Hypothesis is to be tested to determine whether there is a significant difference in the scores of three subjects among different teaching methods. Below is the code for MANOVA.

Ho: µ₁=µ₂=µ₃

H₁: At least one teaching method is different.

Here µ is for different teaching modules.

# Load necessary libraries
library(MASS)
set.seed(123)
n <- 500  # Number of students

# Generate teaching method data
TeachingMethod <- sample(c('Lectures', 'Workshop', 'Online'), n, replace = TRUE)

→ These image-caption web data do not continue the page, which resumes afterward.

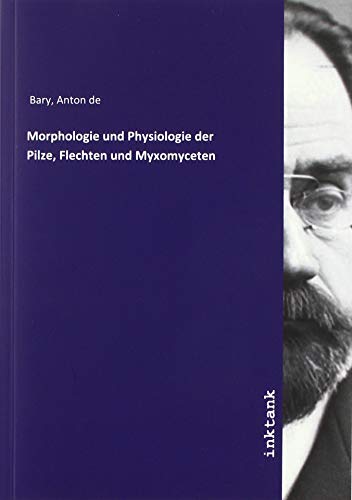 Morphologie und Physiologie der Pilze, Flechten und Myxomyceten von Inktank-Publishing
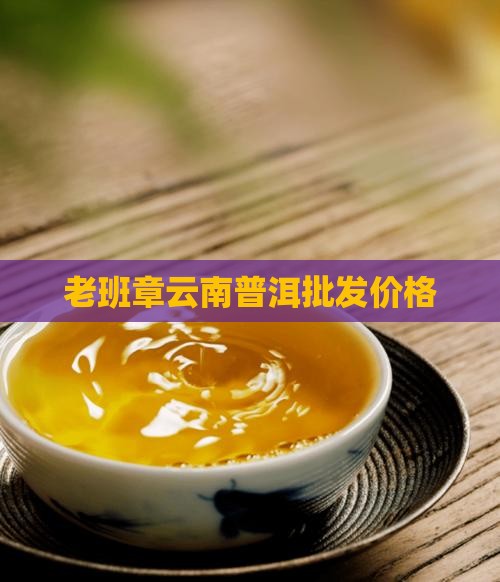 老班章云南普洱批发价格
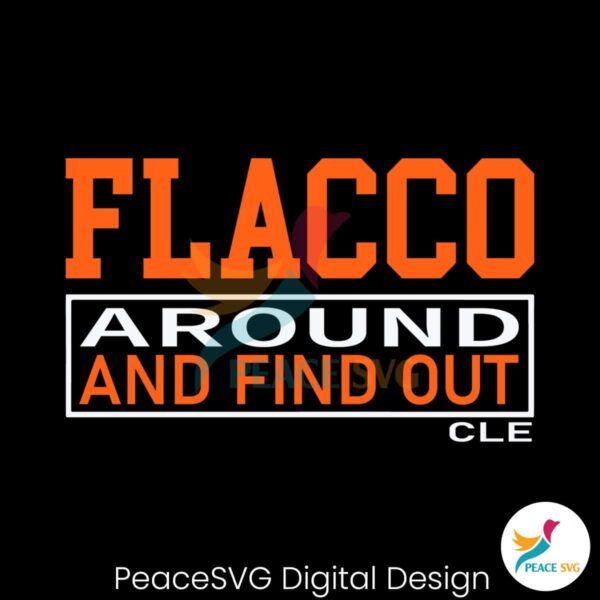 Joe Flacco Around And Find Out Svg Cricut Ready File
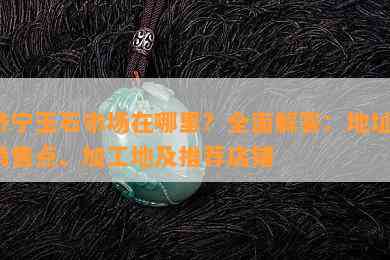 济宁玉石市场在哪里？全面解答：地址、销售点、加工地及推荐店铺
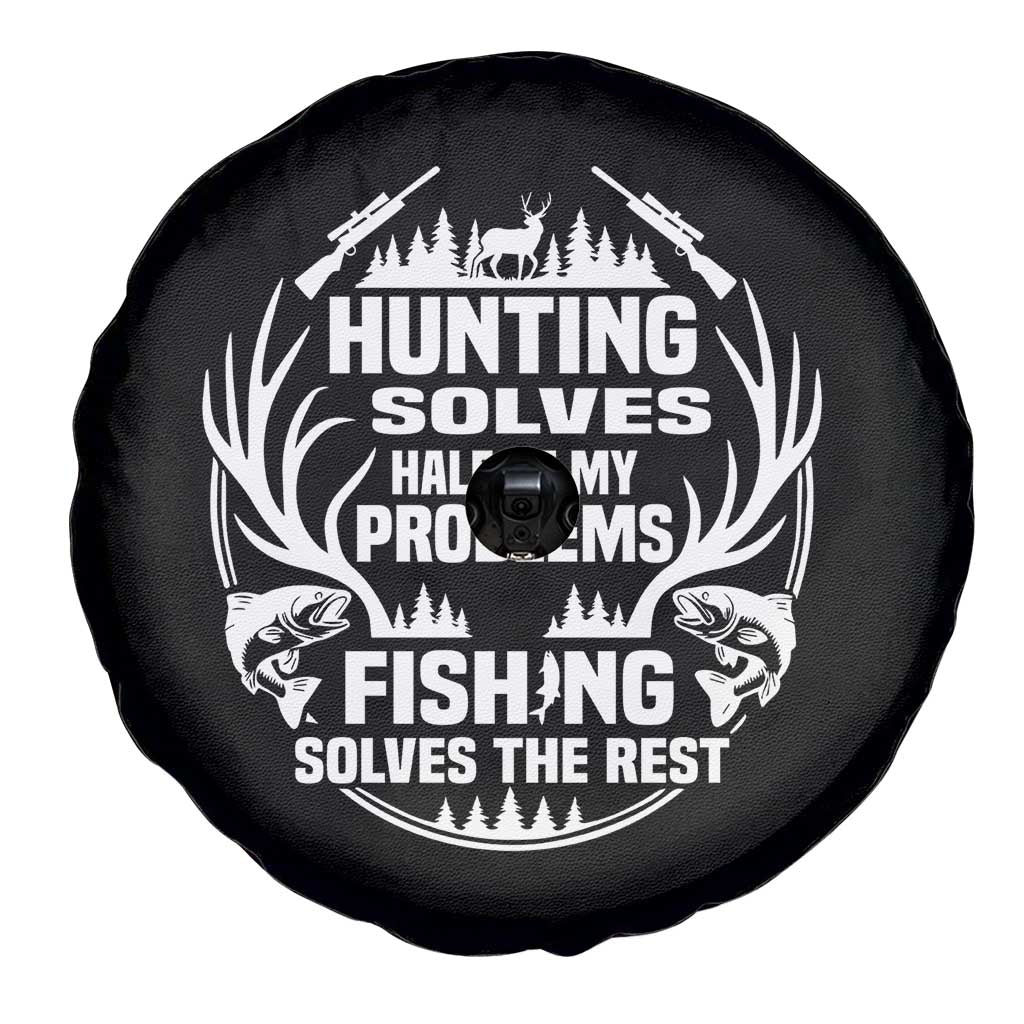 Fishing Hunting Solve Problems Spare Tire Cover Gift Idea For Hunter Fisherman TS12 Print Your Wear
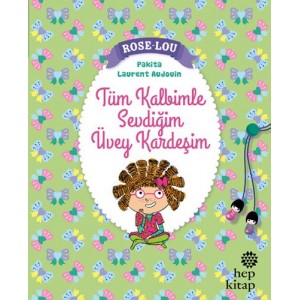 Rose Lou Tüm Kalbimle Sevdiğim Üvey Kardeşim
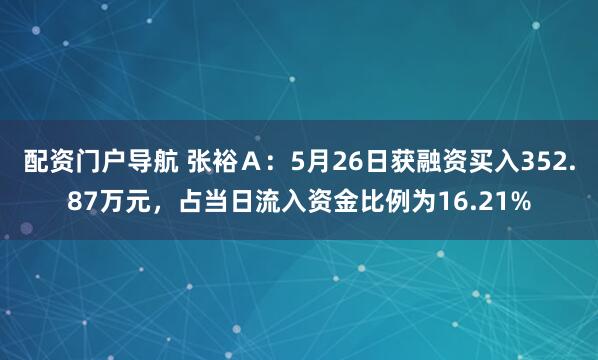 配资门户导航 张裕Ａ：5月26日获融资买入352.87万元，占当日流入资金比例为16.21%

# Generate marks for English, Math, Physics.
marks_english <- sample(20:100, n, replace = TRUE)
marks_math <- sample(20:100, n, replace = TRUE)
marks_physics <- sample(20:100, n, replace = TRUE)

# Create a data frame
data <- data.frame(
    id = 101:(100 + n),
    TeachingMethod = TeachingMethod,
    marks_english = marks_english,
    marks_math = marks_math,
    marks_physics=marks_physics)

# Display the first few rows of the resulting data frame
head(data)

# MANOVA analysis
manova_result <- manova(cbind(marks_english, marks_math, marks_physics) ~ TeachingMethod, data = data)

# Print the results
summary(manova_result)

Pillai’s value ranges from 0 to 1. If the value of Pillai is near one shows a stronger relationship between dependent variables and independent variables. In the above case its value is too low which shows that teaching methods do not much explain the variation in combined independent variable. We are checking the null hypothesis that there is no significant difference in scores of different subjects among different teaching modules. Here p-value is greater than the significant level 0.05. It suggests that we do not have enough evidence to reject the null hypothesis. Results are insignificant in this case. So we conclude that there is no significant difference in combined scores of three subjects in between three different teaching methods. Insignificant results here do not meant that there is no difference in different teaching methods instead it means that we do not have enough evidence to assert that there is difference based on given sample.